## YOUR INSTRUCTIONS
Starting at the line that holds "Remington: Super Slam", quote every line through the end of the records, both boundary lines included. Omit the pictures.

START STUDY MATERIAL

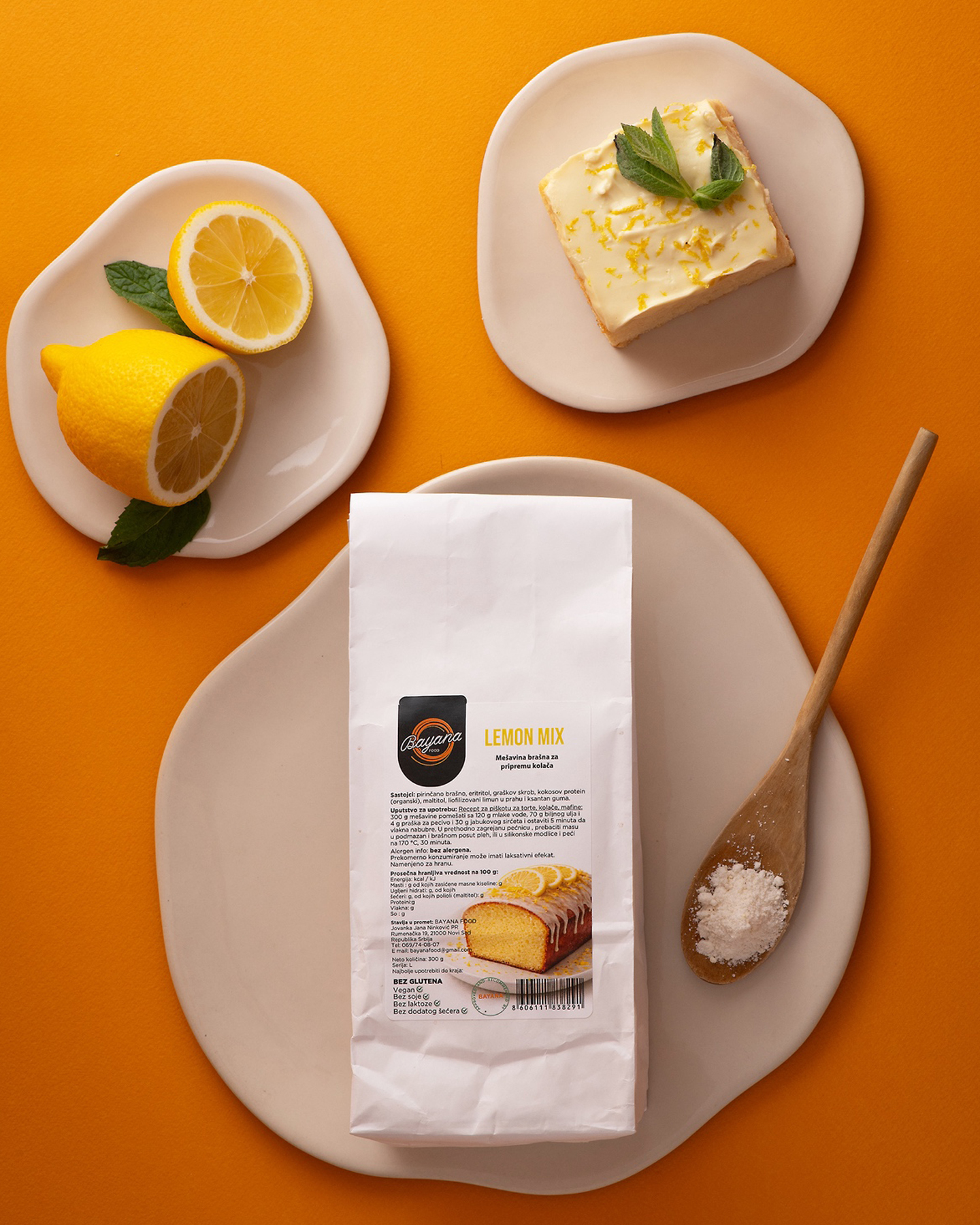 Bayana Food - Zdrava hrana bez glutena i vegan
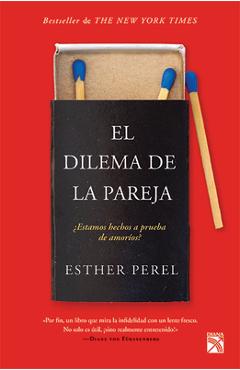 Coperta cărții 'El Dilema de la Pareja - Esther Perel'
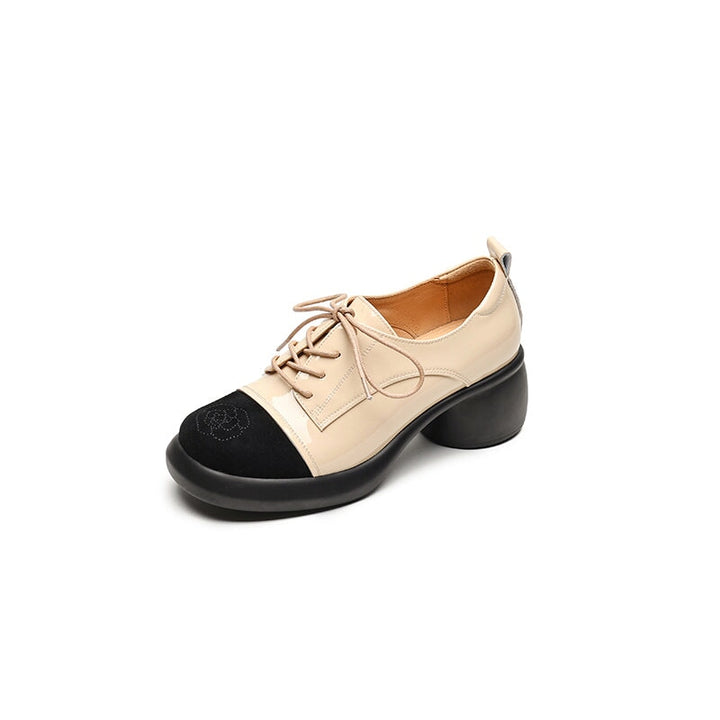 dwarves2488-1 Oxfords &amp; Tie 5 Apricot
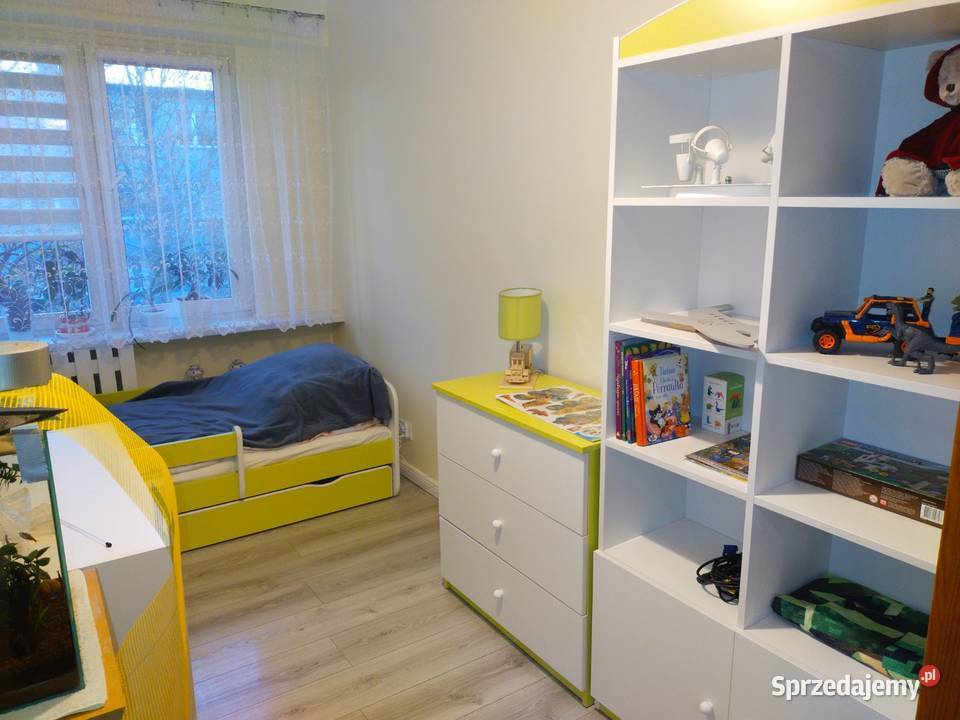 Meble dziecięce z serii Baby dreams z zielonymi sprzedam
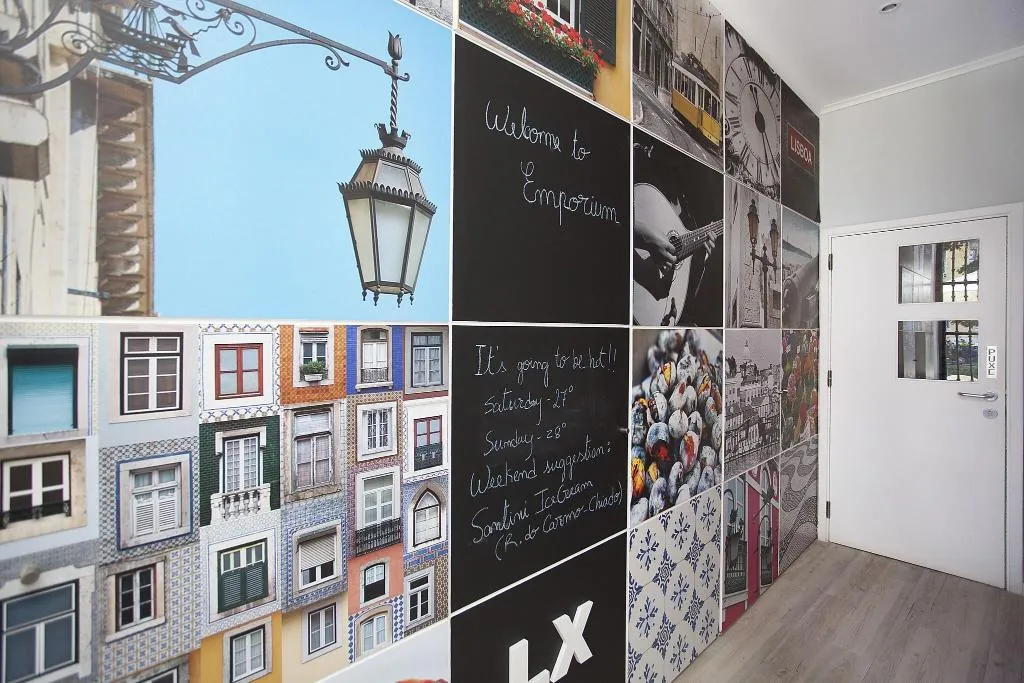 Lobby, Emporium Lisbon Suites, Lisbon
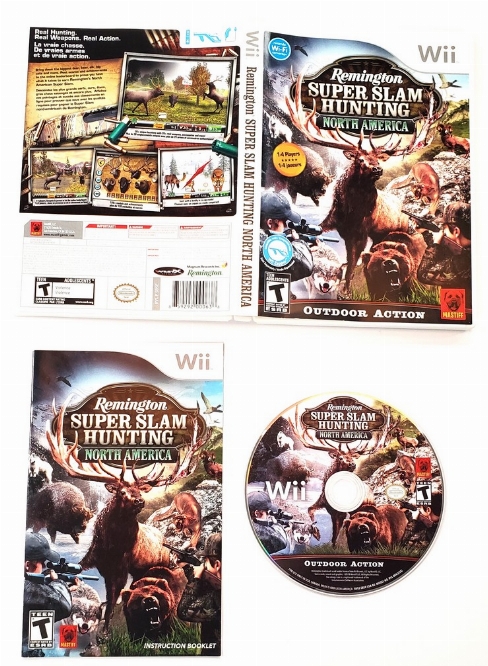 Remington: Super Slam Hunting - North America (CIB)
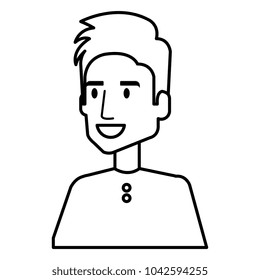 young man avatar character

END STUDY MATERIAL

## TASK RESPONSE
 Remington: Super Slam Hunting - North America (CIB)
 young man avatar character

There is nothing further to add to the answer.